# ZZTops Dusty Hills San Leon Pad on the Market



## Captain Dave (Jul 19, 2006)

Take a look . It sure would make for the best bay lodge on the Tx coast... LOL.. Only 3.5 Million for 2 Waterfront homes with lots of land..

http://search.har.com/engine/dispSearch.cfm?mlnum=4973264&backButton=Y

Now lets hear the stories of who has been invited in......


----------



## Roostor (Jul 17, 2006)

That's a heck of a deal.....considering it was originally listed about a year ago for over 5 mil. I think Ike may have an influence on the price.

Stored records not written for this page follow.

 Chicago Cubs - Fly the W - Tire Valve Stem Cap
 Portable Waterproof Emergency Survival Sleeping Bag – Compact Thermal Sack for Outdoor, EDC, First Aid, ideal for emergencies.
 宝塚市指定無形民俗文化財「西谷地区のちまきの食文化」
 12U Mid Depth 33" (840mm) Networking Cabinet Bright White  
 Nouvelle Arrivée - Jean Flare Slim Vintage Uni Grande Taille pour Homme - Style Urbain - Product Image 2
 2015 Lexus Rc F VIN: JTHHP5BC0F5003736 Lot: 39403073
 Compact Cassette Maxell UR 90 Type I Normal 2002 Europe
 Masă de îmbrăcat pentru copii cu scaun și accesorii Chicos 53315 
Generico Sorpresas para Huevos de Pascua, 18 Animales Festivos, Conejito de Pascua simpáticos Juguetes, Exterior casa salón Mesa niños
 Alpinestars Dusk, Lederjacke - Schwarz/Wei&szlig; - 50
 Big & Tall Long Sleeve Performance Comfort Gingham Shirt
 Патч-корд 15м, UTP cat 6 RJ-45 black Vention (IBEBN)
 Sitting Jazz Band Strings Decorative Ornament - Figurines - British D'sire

Maybe all the 2coolers could get together and buy it and have a 2CoolCamp!


----------



## boom! (Jul 10, 2004)

3.00 per post would do it.


----------



## Crispito (Aug 30, 2005)

My neighbor worked for the engineering firm that did the lay out for that place. After the prints were approved. Well....lets just say they took a few days off of work to settle down from the party..


Tight Lines & Gig'Em
cm3


----------



## Roger (Aug 12, 2005)

I wonder what the after Ike pic's would like?


----------



## sps (Jun 17, 2006)

Thats very nice! I went to school with his daughter Cody Hill. Got to meet him once at her 16th birthday party. They closed down Billy Blues for the night for the party. It was very cool!


----------



## Silverspoon (Jun 1, 2005)

Roger said:


> I wonder what the after Ike pic's would like?

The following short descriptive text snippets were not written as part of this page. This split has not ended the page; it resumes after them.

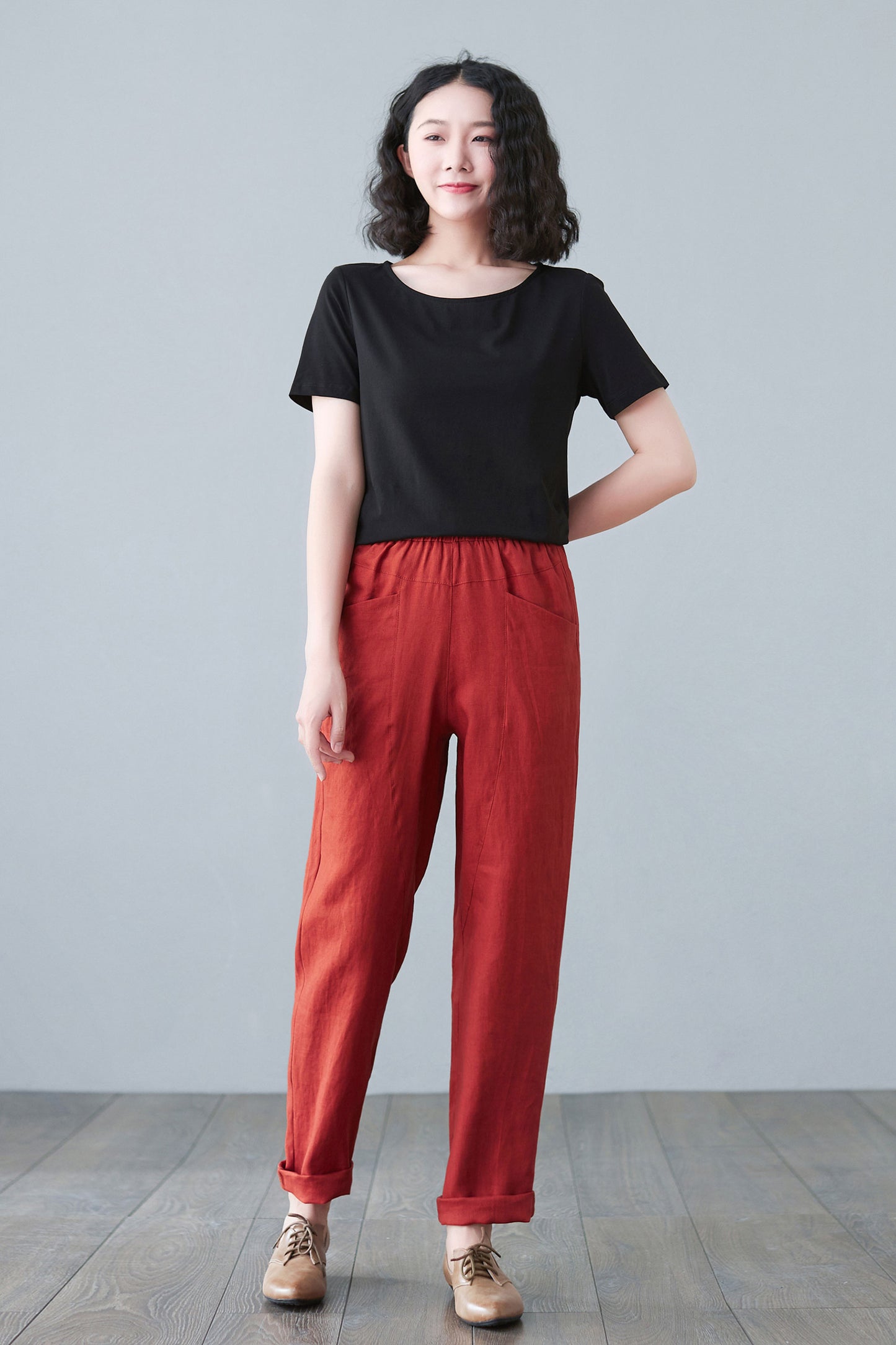 Plus size Long Linen pants C2642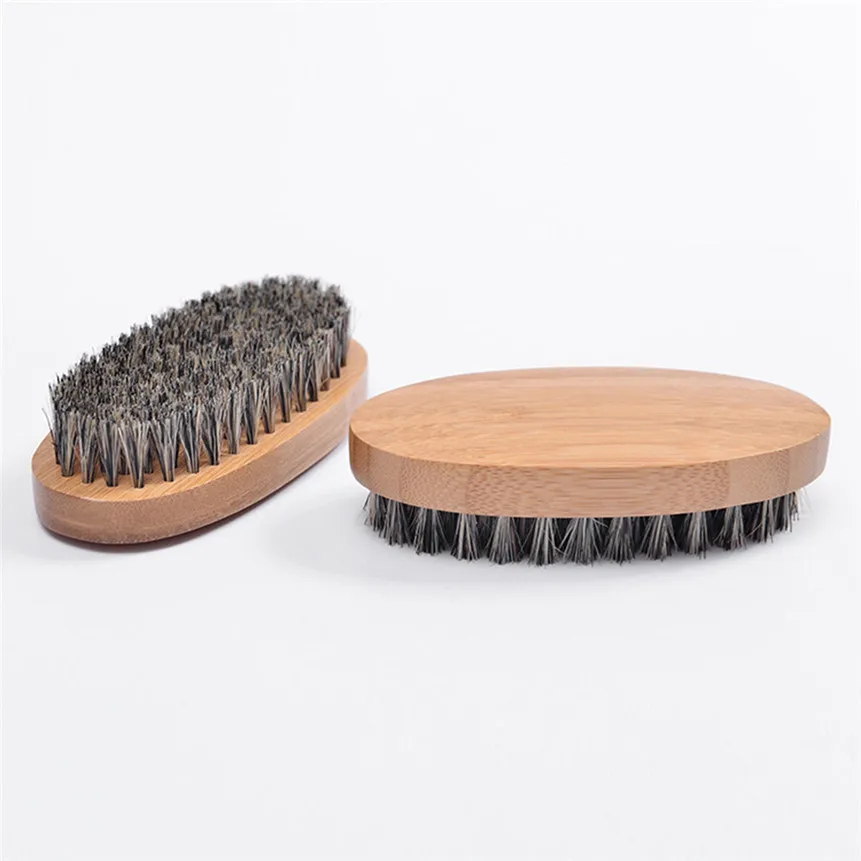 Natural Boar Bristle Beard Brush For Men Bamboo Face Massage That Works Wonders To Comb Beards and Mustache Drop Shipping 80716 | Красота и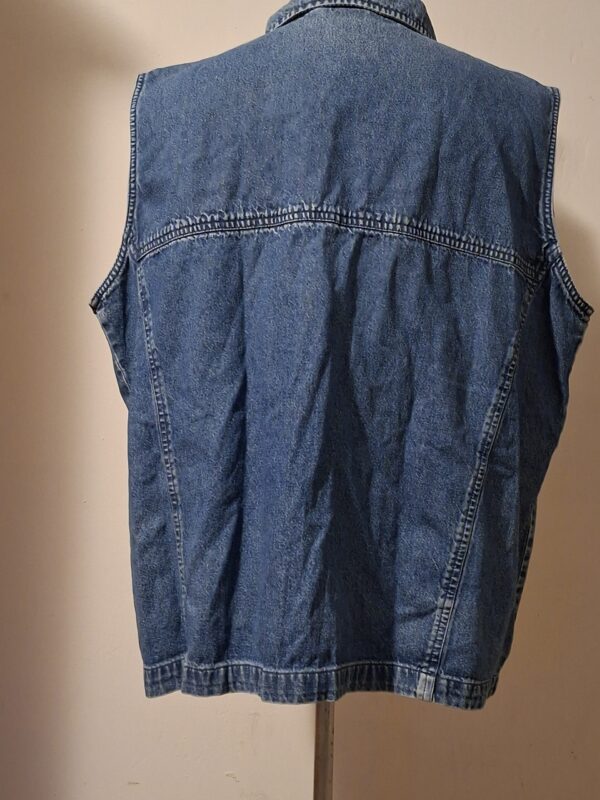 20260104_171331 Spijkerbodywarmer Blauw M&S Mode Maat XXL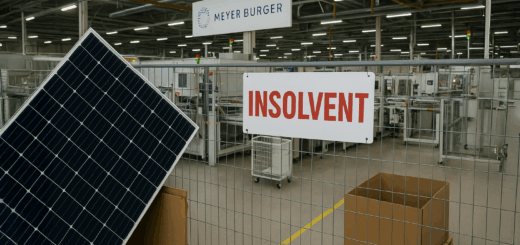 Meyer Burger Insolvenz und das Ende der europäischen Solarindustrie - 645 Arbeitsplätze weg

Exactly what I was thinking!

Forgot to add this. I have been by it, but never in it. Awesome looking place.

I did have the honor of talking to him over a beer at Maribelle's once! That was pretty cool!


----------



## Roostor (Jul 17, 2006)

From what I can tell from the road, the main house didn't get much damage, not sure about the guest house though, it looks ok...the brick fence around the whole place (except the water side) took a pounding. Othewise it looks pretty darn good.

For some reason I can't figure out.....I have never been invited in! lol


----------



## BS (May 24, 2004)

I wonder why he's selling. He just built it about 10 years ago. It is a nice place. I didn't get to see it finished but did some custom work on his lighting in the frame stage. 
good pics

Byron


----------



## capt. david (Dec 29, 2004)

it would make a great brothel!


----------



## tx-fisherdude (Dec 4, 2005)

Its had a for sale sign in front for at least a year


----------



## PalmsUp (Aug 1, 2005)

I would be happy to have the barn/shop at the front of the property.


----------



## freespool (Oct 1, 2005)

capt. david said:


> it would make a great brothel!


The customers could just tie up to the dock. Wives already know we spend a lot going fishing.


----------



## bzrk180 (Jan 7, 2008)

I will give ya my story... get ready to read...LOL!! (WITH PICS!!)

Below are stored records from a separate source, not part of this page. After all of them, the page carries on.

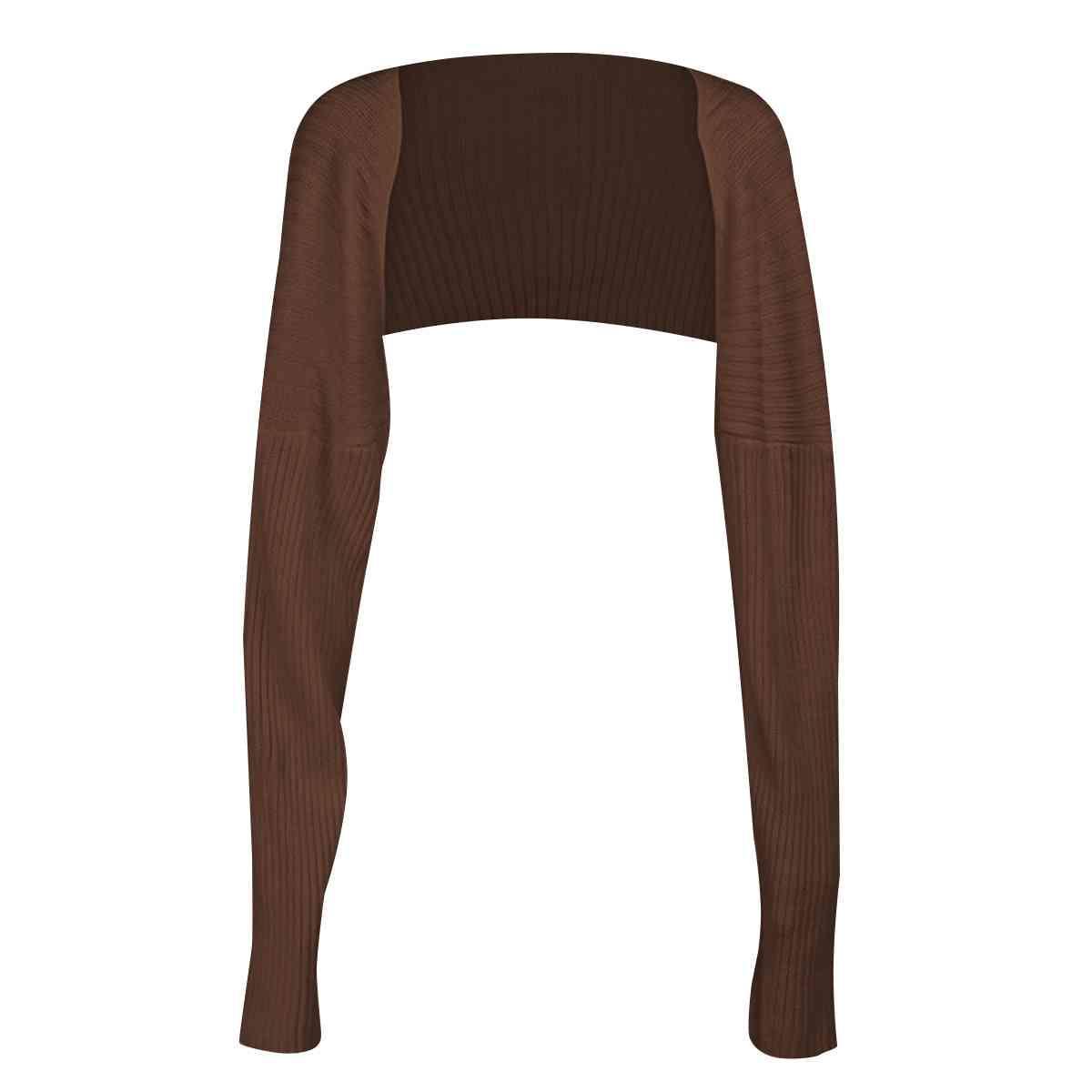 Autumn Trend Knitted Long Sleeve Bolero-MXSTUDIO.COM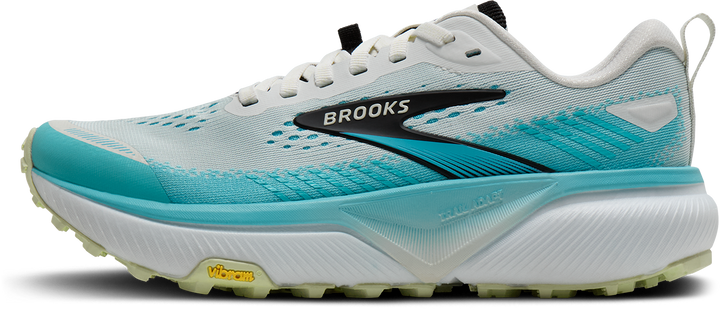 Brooks Mens Cascadia 20 - White/Blue/Black - Trail - AW26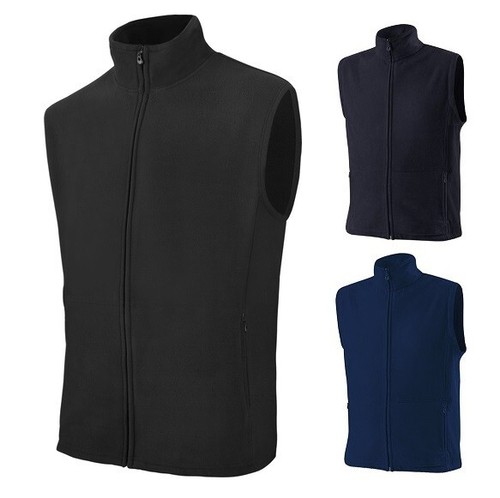 Herren fleece weste gilet uni - fleece,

Now, the house you see isnt the house that has always been there. I cant remember which tropical storm it was but it messed the old house up so he built this one.

OK...So here it is....In 1986, I camped out for ZZ-Top tickets in Colorado and got 5th row ceneter...It was a very cool experience...the camping out included. In 1995/96... I bought some scalped tickets to go see them again and took my wife to her very first rock and roll concert to see them. that was in Houston.

So, I used to patrol San Leon and heard al the rumors about Dusty living there. I was even told by some other deputies that he was a big supporter of the police. Well I have always been a fan and decided one night, around Christmas, 1998 (I think it was) while patrolling San Leon that I would take a risk.

I pulled up to the house and rang the bell at the gate. A voice came and asked me if they could help me. I identified myself and asked if I could have just a second of his time. 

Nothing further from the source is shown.